Usually things like Petrolatum or beeswax are considered occlusives, while other lipids like Linoleic Acid or ceramides are considered emollients.

Depending on the reason for your flaky skin, you usually need a mixture of both, but weighed differently: If your skin is flaky because you are outside in the snow a lot, more occlusives might work better for you. If you overdid the actives, more emollients might help speedup recovery. As I mentioned in my video on ceramides though, we do, outside of very specific skin conditions, no evidence that a certain kind or a certain ratio of skin-like lipids are better than others. Most moisturizers do feature humectants, emollients and occlusives in a mix anyway, so they should work fine.


Why is your skin still flaky even though you moisturize?

Now sometimes you do use a moisturizer religiously, but your skin still is flaky. In that case I would take the following steps to improve the situation:

  • Look at the rest of your routine: Moisturizer alone will probably not be enough to counteract frequent washing with a strippping cleanser or using high amounts of actives
  • Look at your moisturizer: Names are deceiving, and sometimes a product called serum is richer than the one called face cream. In doubt, opt for something that feels richer or mix a few drops of oil with your product before application.
  • If all that won’t help, consider the other causes I mentioned before and in doubt consult a doctor to rule out an underlying skin condition or systemic disease.

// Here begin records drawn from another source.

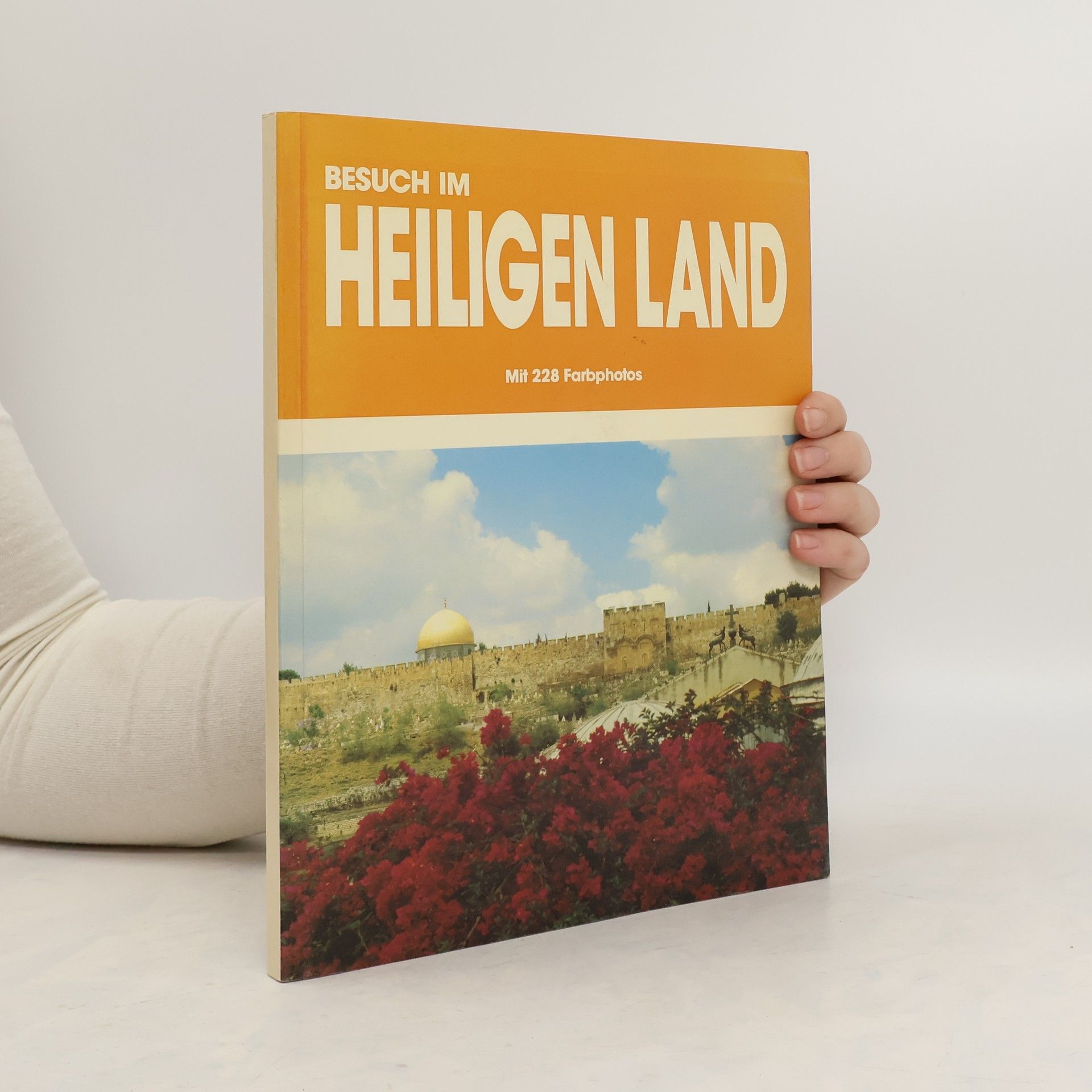 Collectif d'auteurs Besuch im Heiligen Land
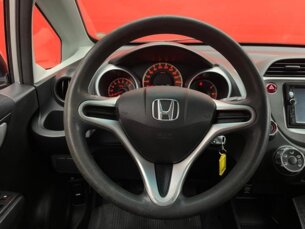 Foto 6 - Honda Fit New Fit LX 1.4 (flex) manual
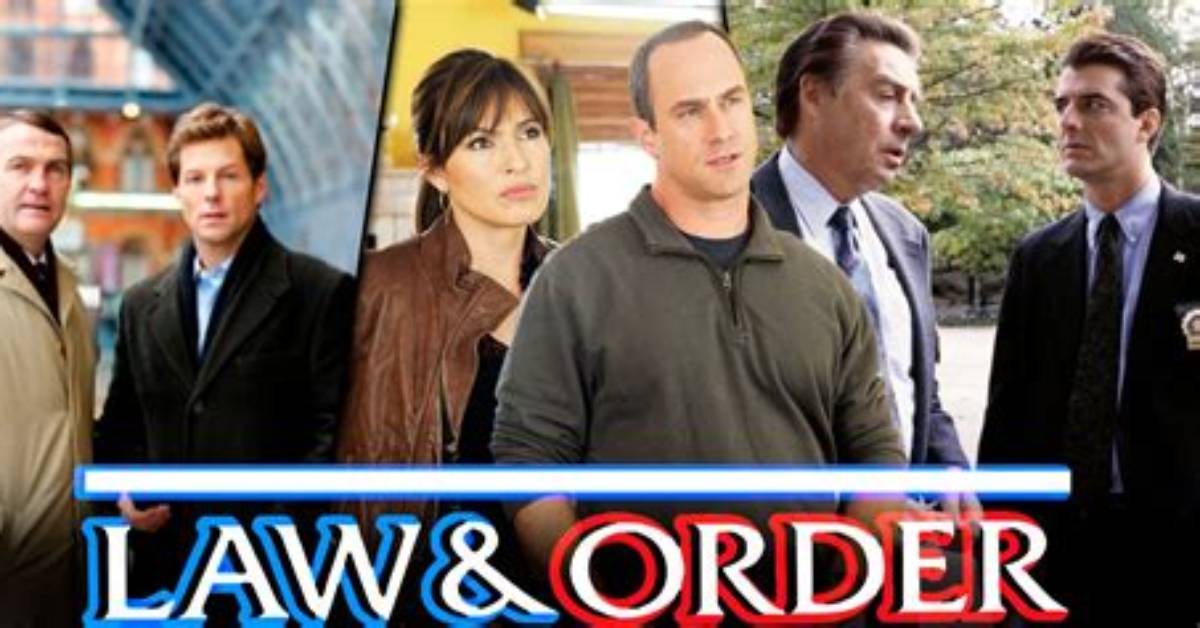 Law & Order Extra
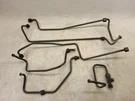 John Deere 425 445 455 Tractor Steel Hydraulic Oil Line Tubes AM115775 AM115776. Fixed Price $145.00.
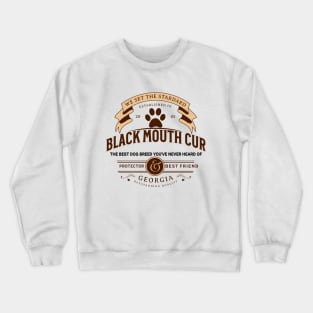 The Best Dog Breed You've Never Heard Of Crewneck Sweatshirt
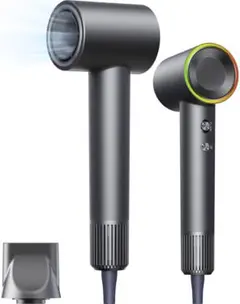 未使用✨ドライヤー 瞬間速乾 超軽量 静音 マイナスイオン 痛まない 1300w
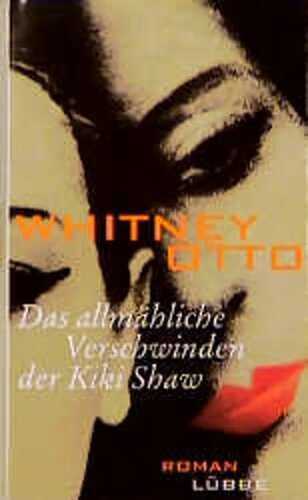 Das allmähliche Verschwinden der Kiki Shaw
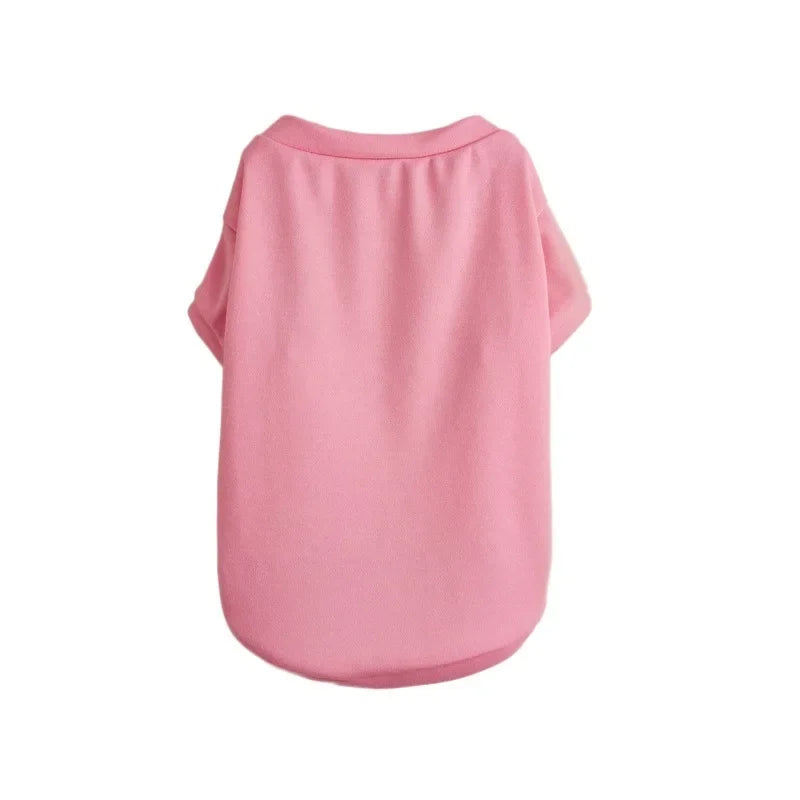 Camiseta Transpirable para Perro, Chaleco Delgado y Cómodo para Yorkshire Terrier, Ropa de Verano para Mascotas, Chaleco para Perro, Artículos para Mascotas
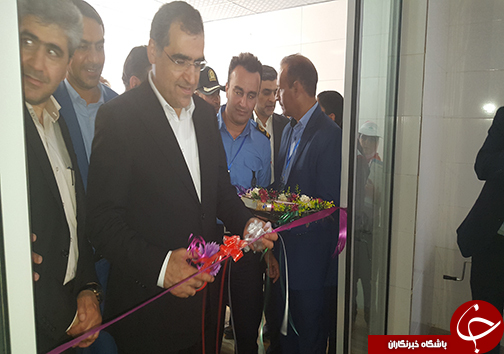 آغاز به کار مرکز خدمات جامع سلامت شهری سید الشهدا (ع) آباده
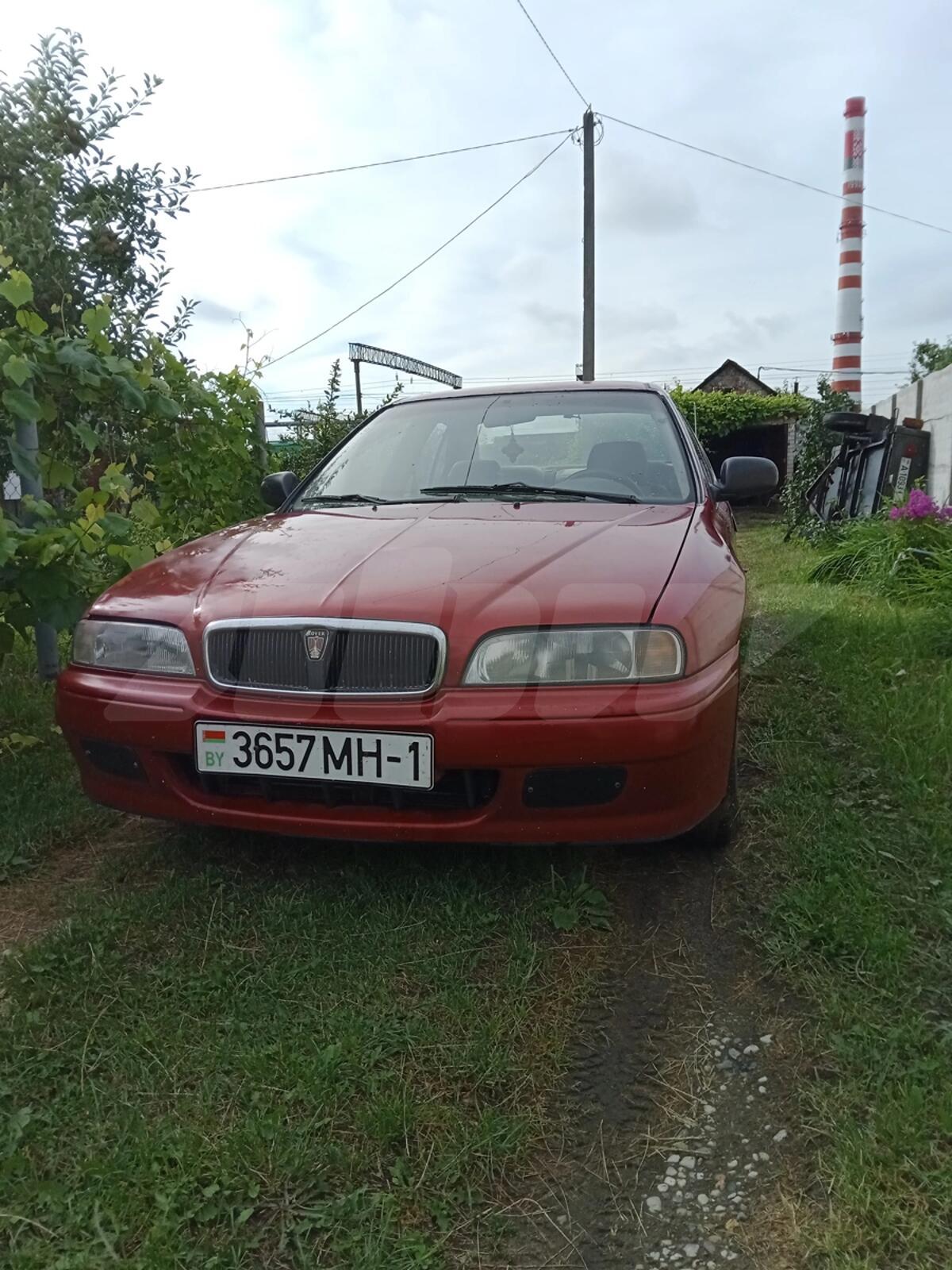 Rover 600 I, 1996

Are there foods and drinks that help avoid flaky skin?

As always I want to shortly address the food and supplement question alongside the usual disclaimer that I am not a nutritionist. While malnutrition can be the cause for flaky skin, it is rare in otherwise healthy individuals eating a balanced diet. If you suffer from malabsorption due to a gastric condition or suffer from alcoholism or another substance abuse, I would suggest talking to your healthcare provider, but otherwise I don’t think you need a supplement or a specific diet. (More info: The best foods and supplements for your skin)


When do you need to see a doctor?

So when is flaky skin a reason to see a doctor? Well, if it really bothers you and you feel that despite taking preventative measures and using a rich moisturizer things don’t improve, you should go get a professional opinion to rule out underlying issues that need treatment.
Warning signs also include itching or pain associated with the flaky skin, large areas of face and body that are affected, foul odor or yellowish liquid oozing out of the areas, cracking and bleeding and signs of general infection like nausea, dizziness or confusion. If you experience any of these symptoms, talking to your healthcare provider is recommended.